Lismore – NSW 2019

NAT 2.9% vs GRN

Incumbent MP
Thomas George, since 1999.

Geography
Northern NSW. The seat of Lismore covers the entirety of Lismore, Kyogle and Tenterfield council areas, and western parts of the Tweed council area. The seat covers the towns of Lismore, Murwillumbah and Kyogle, and stretches as far west as Mingoola.

History
The seat of Lismore was first created in 1894, and has existed for most of that period, and continuously since 1927. It has been dominated by the Country/National Party since 1927.

The seat first existed from 1894 to 1904, when it was abolished. It was restored in 1913, but in 1920 it was merged with the neighbouring seat of Byron. Byron became a three-member district covering the former districts of Byron, Clarence and Lismore.

In 1927, Lismore was restored, and was won by Country Party candidate William Missingham, who had held one of the seats in Byron since 1922. Missingham held the seat until his death in 1933.

At the 1933 Lismore by-election, the seat was won by William Frith, one of three Country Party candidates standing. Firth held the seat until the 1953 election. As he had turned 70 prior to that election, Country Party rules allowed multiple candidates to stand, and Frith was defeated by fellow Country Party candidate Jack Easter.

Easter retained his seat with ease in 1956. At the 1959 election, he was challenged by independent candidate Clyde Campbell, and held onto the seat by only two votes. A court decision saw a Lismore by-election called for later in 1959.

At the by-election, Campbell and Easter were both endorsed by the Country Party. The ALP ran Keith Compton, who won 47% of the primary vote. Despite the two Country Party candidates polling a majority of the vote, enough of Campbell’s preferences leaked to Compton to give him the seat.

Compton retained the seat in 1962, and lost in 1965 to Country Party candidate Bruce Duncan.

Duncan held the seat throughout the 1970s as the party became the National Country Party. In 1982, the party changed its name to the National Party. Duncan objected to the name change, and resigned from the party. While he sat as an independent, he was not opposed by the National Party in 1984, when he was re-elected as an independent. He retired at the 1988 election.

Bill Rixon won Lismore for the National Party in 1988. He held it comfortably over the next decade, and retired in 1999. He was succeeded in Lismore by fellow National Thomas George. George has been re-elected four times.

Candidates

Assessment
The Greens came close to winning Lismore in 2015 and will be hoping to do better at the next election.

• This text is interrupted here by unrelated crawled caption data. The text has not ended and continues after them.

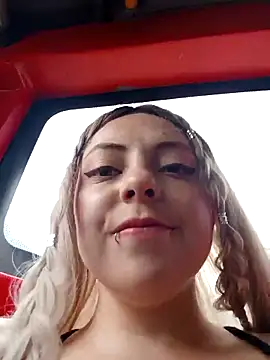 madelaine- online show from 03/21/25, 10:28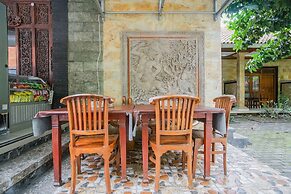 Mahendra Beach Inn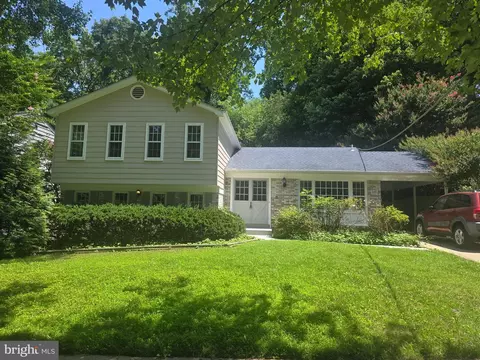205 Nelson St, Rockville, MD 20850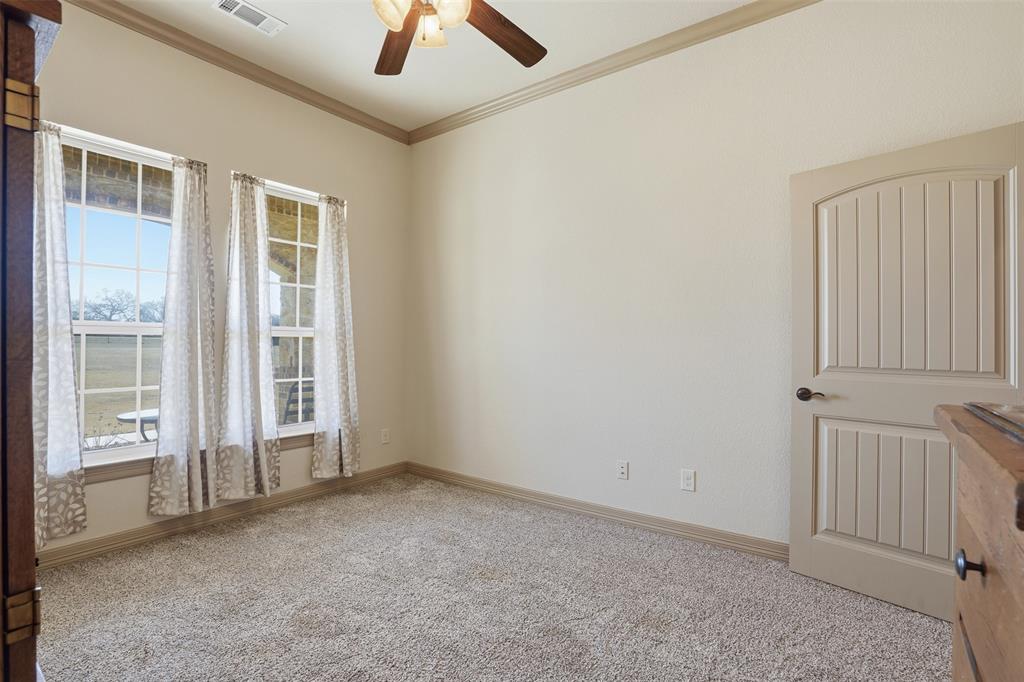 842 County Road 4371 Decatur, TX 76234 - Photo 9 of 35 an empty room with windows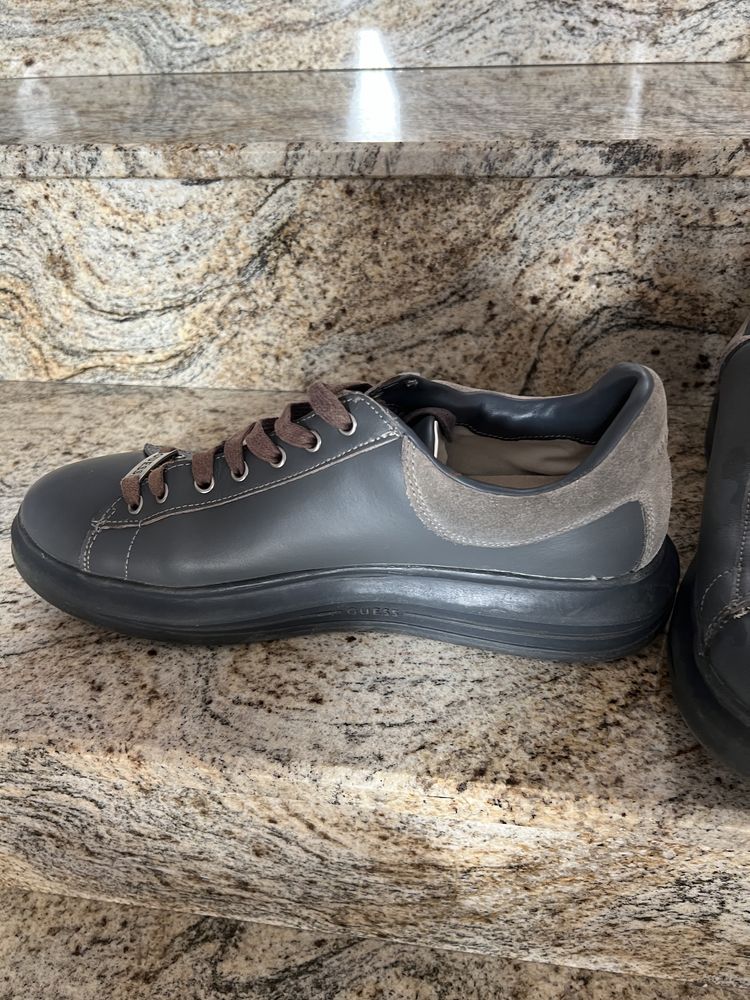 Vand Sneackers Guess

To achieve this, the Greens would need to stay ahead of Labor and then gain enough votes on preferences to close the 2.9% margin.

2015 result

Candidate Party Votes % Swing
Thomas George Nationals 19,975 42.5 -17.2
Adam Guise Greens 12,435 26.4 +7.4
Isaac Smith Labor 12,056 25.6 +12.7
Gianpiero Battista Christian Democrats 1,339 2.8 +1.1
Cherie Imlah Animal Justice 717 1.5 +1.5
Alan Jones No Land Tax 525 1.1 +1.1
Informal 1,067 2.2

2015 two-candidate-preferred result

Candidate Party Votes % Swing
Thomas George Nationals 21,654 52.9 -21.5
Adam Guise Greens 19,309 47.1 +21.5

2015 two-party-preferred result

Candidate Party Votes % Swing
Thomas George Nationals 21,247 50.2 -24.1
Isaac Smith Labor 21,055 49.8 +24.1

Booth breakdown

Booths in Lismore have been split into five areas. Polling places in the Kyogle, Tenterfield and Tweed council areas have been grouped together. Polling places in the Lismore council area have been split in two parts: Lismore North and Lismore South. Lismore South covers the town of Lismore itself.

The Nationals won a majority of the two-candidate-preferred vote (against the Greens in three out of five areas, ranging from 50.8% in southern Lismore to 72.6% in Tenterfield. The Greens won a slim 51.3% majority in Tweed (mostly covering the small towns to the west of Tweed Heads) and a large 68.8% majority in Lismore North, which covers towns like Nimbin.

The Labor primary vote ranged from 19.5% in Lismore North to 27.9% in Tweed.

Voter group ALP prim % GRN 2CP % Total votes % of votes
Lismore South 27.6 50.8 13,274 28.2
Tweed 27.9 48.7 5,872 12.5
Lismore North 19.5 31.2 4,272 9.1
Kyogle 24.3 57.2 3,552 7.5
Tenterfield 22.5 72.6 1,723 3.7
Other votes 24.2 56.4 7,070 15.0
Pre-poll 26.2 59.5 11,284 24.0

Election results in Lismore at the 2015 NSW state election
Toggle between two-candidate-preferred votes (Greens vs Nationals) and Labor primary votes.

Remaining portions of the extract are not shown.